The new paradigm for B2B data - Commercial Insurance Perspective - Veridion

The new paradigm for B2B data – Commercial Insurance Perspective

By: Alin - 25 November 2022

For the first time in history, we can directly trace massive problems to bad data and, at the same time, have the ability and the right tools to build systems that address these problems for the long run: high-quality data as infrastructure.- Florin Tufan, CEO @Soleadify


The way companies use data for making decisions is going through a massive paradigm shift that brings in a new wave of data solutions built by challenger start-ups that compete with multi-billion-dollar legacy players.


The aforementioned legacy players are currently stuck in the following scenario: Data used to be something humans would look at, analyze and make decisions. That required data to be simple enough for humans to read and interpret.


This is changing. Access to tools (e.g., Snowflake, Databricks etc.) and the advance of data science enable the transition of decisions through machine interpretation and automated processes, with data at their core. Data is now becoming part of the tech stack, deeply embedded in machine-powered decision engines across all business processes.


Billion-dollar data companies were built – and are still thriving – in the old paradigm. But they fail to deliver to modern requirements, so end users need to look elsewhere for better solutions. This is why alternative data (read “data from unofficial sources”) is growing at 50% CAGR YoY.


Remarkable examples of data being used at scale by leveraging big data solutions can be observed across multiple verticals.


🗺️Maps used to be something you looked at. Now, navigation apps crunch data and provide the fastest route. No human is looking at data.



🎯Ad targeting used to be based on people making assumptions of interests based on location, age, gender, and income level. Now, we have entirely automated ad-targeting solutions that analyze thousands of data points to match ads with eyeballs. No human is looking at age groups and assigning ads. Most advertisers have yet to learn which user traits make a user likely to engage with their ad.

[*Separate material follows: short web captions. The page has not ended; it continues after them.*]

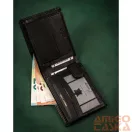 Férfi Bőr Pénztárca R-N992-Gat-8946 Black+Black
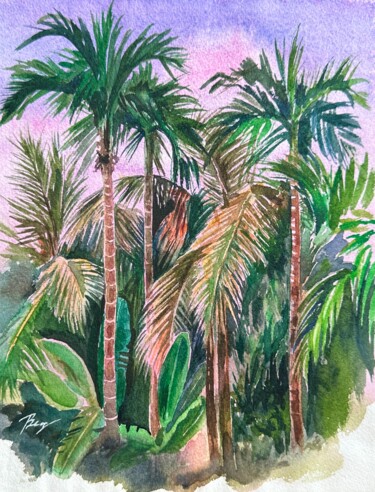 Painting titled "Indian forest" by Zelotaya, Original Artwork, Watercolor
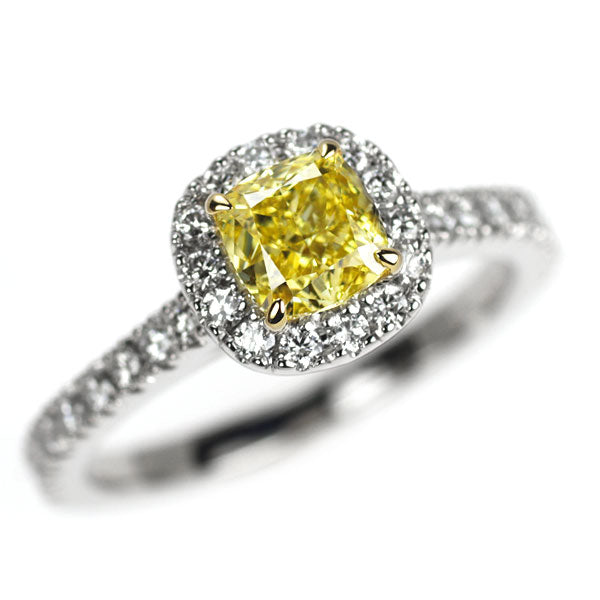 Pt950/K18YG 天然イエローダイヤモンド リング 0.73ct FIY SI1 D0.33ct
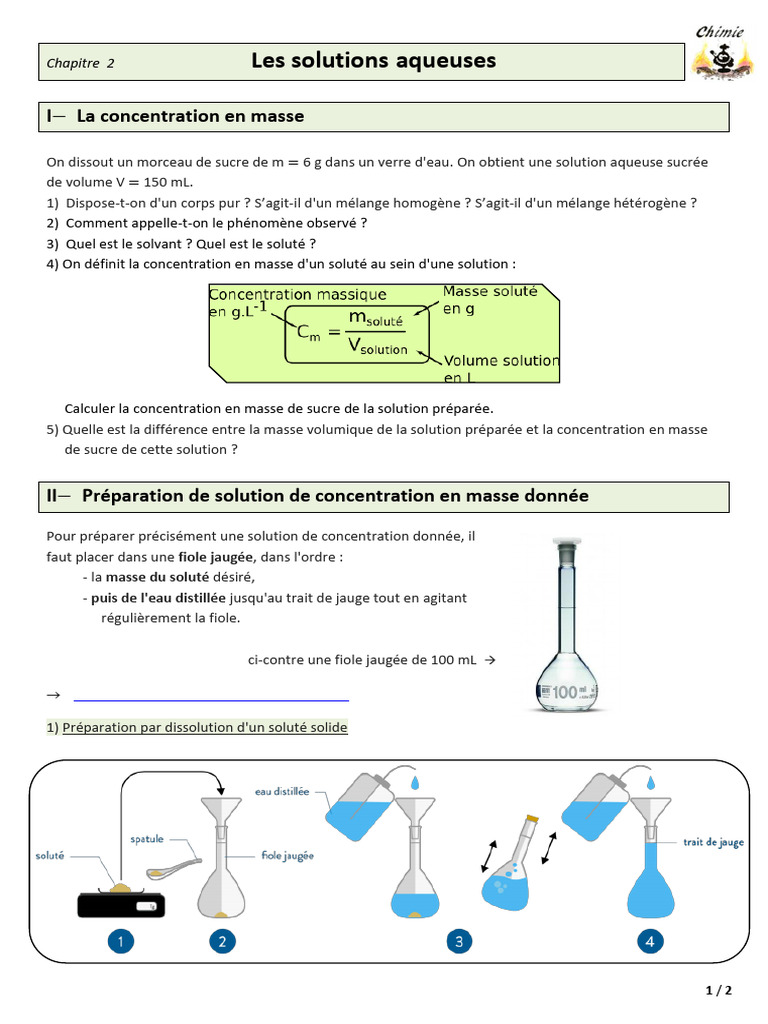 2 Solution Aqueuse Dissolution - Dilution | PDF | Cuivre | Masse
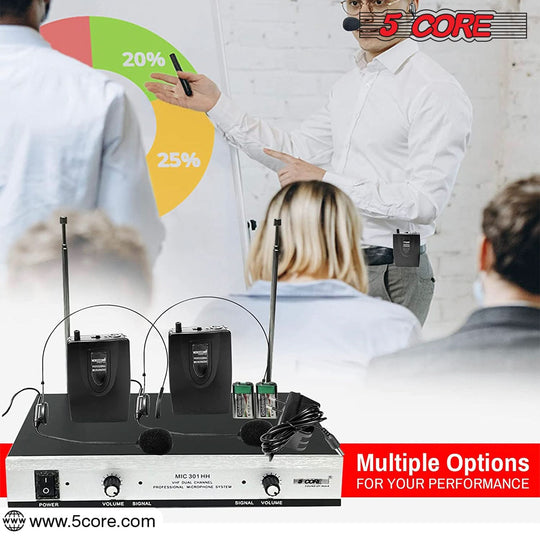 5Core Wireless Microphones w 2 Headset Portable Mini Microfono Inalambricos + Receiver 165ft Range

How this paradigm shift looks like for B2B in Commercial Insurance


If you work in insurance, you probably know that collecting data to plug into the actuarial models and price each policy takes time, money, and human capital.

  • Forms with tens of questions sent to the client


A glimpse of the past. Soleadify can already source data to pre-fill answers for most of these questions.

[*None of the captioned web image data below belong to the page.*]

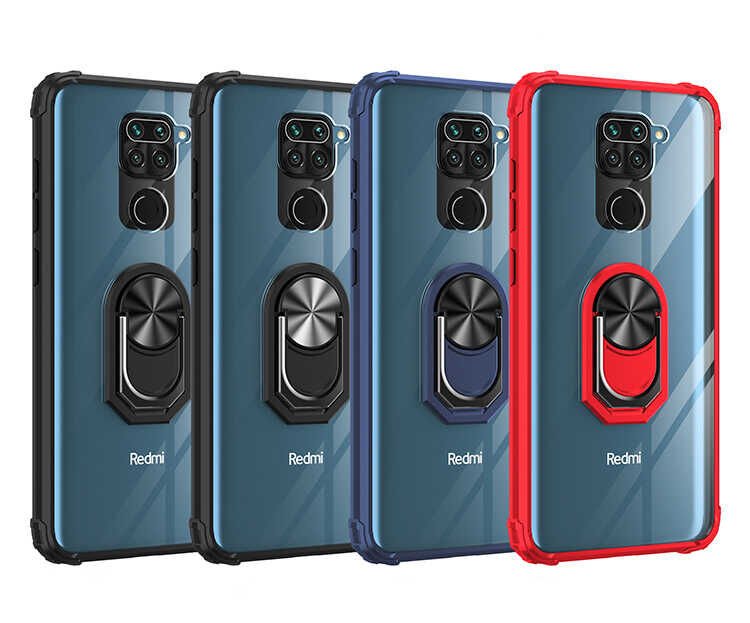 Xiaomi Redmi Note 9 Kılıf Arkası Şeffaf Kenarları Renkli Yüzüklü Tank Kapak (MOLA) Siyah
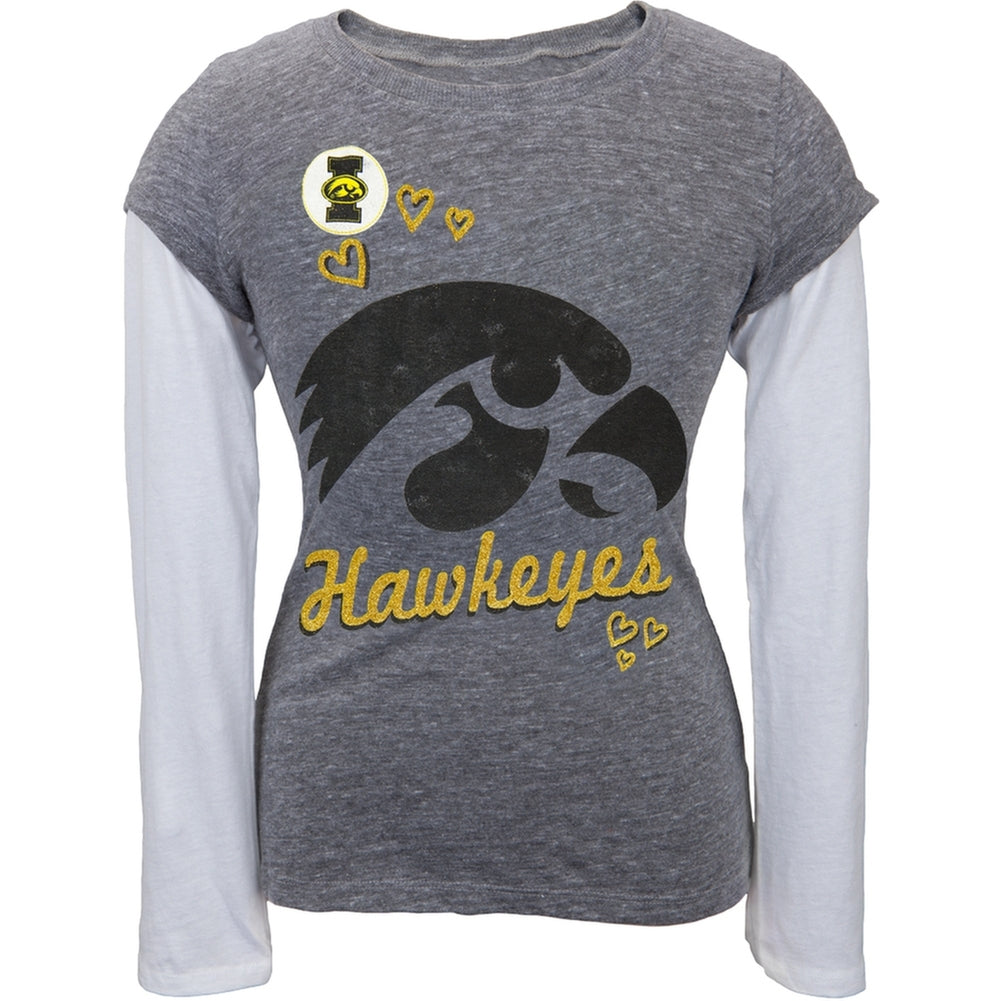 Iowa Hawkeyes - Glitter Hearts Girls Youth 2fer Long Sleeve T-Shirt Youth Long Sleeves Iowa Hawkeyes 14 Grey 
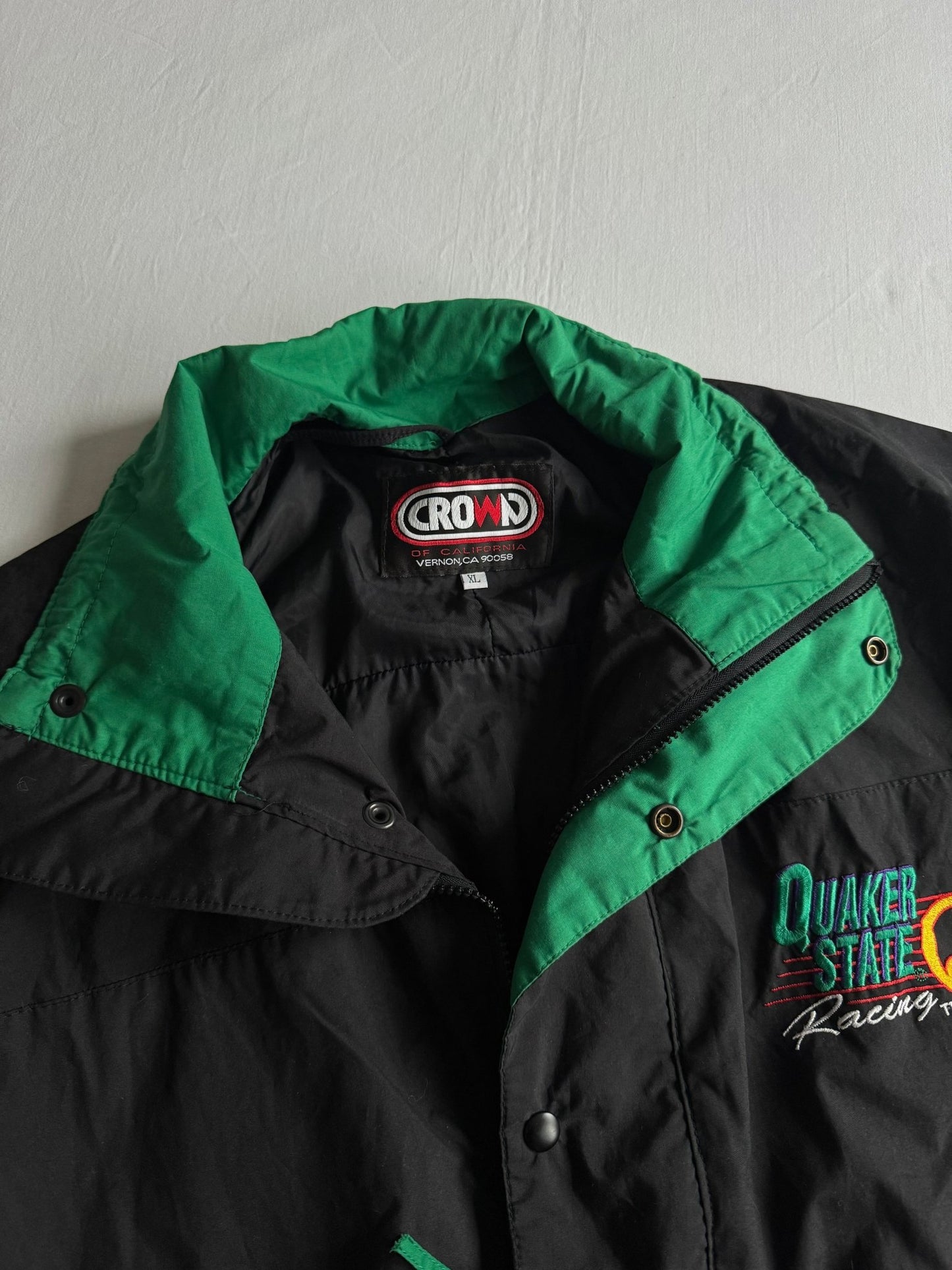 🏁 Windbreaker Vintage Quaker State Racing Negru – XL - anbracaminte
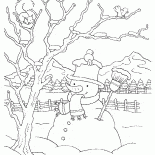Bonhomme de neige portant un foulard et un chapeau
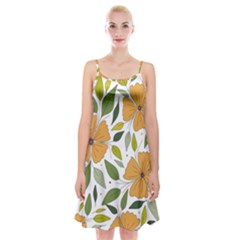 Flower Petal Plant Leaves Spaghetti Strap Velvet Dress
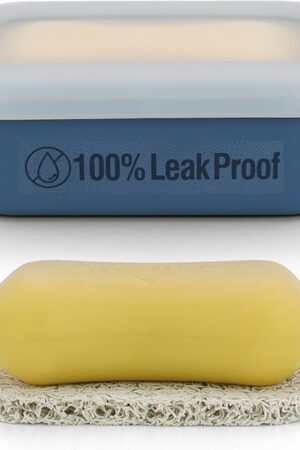 Compact Leakproof Travel Soap Case, Silicone Travel Soap Container, Portable Soap Box with Drainage Layer, Shatterproof Soap Holder for Bathroom, Gym (Blue)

  • Call centers that call prospects to ask for additional details
  • Underwriters that use a platform provided by legacy players and still spend ~40% of their time doing research (Googling). Source

By taking this route a lot of insurers end up with terrible results

  • You only know what you know: the most significant risks remain uncaptured by the heuristic-based questionnaire, leading to operational losses in several business lines (Source)
  • Human judgment is non-deterministic: Up to 300% differences in decisions made by different people under the same circumstances (Source)
  • Errors have a massive cost: $6.5B in yearly lost premiums from misclassifying small businesses in the US alone. (Source)


The paradigm shift: Manual pricing and underwriting are expected to be obsolete within the next decade. (Source)

In insurance, the shift towards using data as infrastructure for automation is already very clear:

  • Data and analytics spend in insurance growing at CAGR of 14.4% (source)
  • Insuretech platforms are competing to pre-fill forms and help automate pricing, for new policies and renewals alike.
  • Insuretechs with a strong analytics suite help carriers build models and better predict risk at scale.
  • Large insurers are building similar solutions in-house. One of the main providers for data and analytics solutions in the insurance space actually considers the in-house solutions built by large carriers to be their main competition.


This new paradigm requires a new breed of data products ****

Using data to automate insights, predictions, and decisions with minimal – if any – human supervision requires a new breed of data products delivered through powerful APIs that can be relied upon when plugged into processes and machine learning solutions, making or influencing trillions of dollars worth of decisions.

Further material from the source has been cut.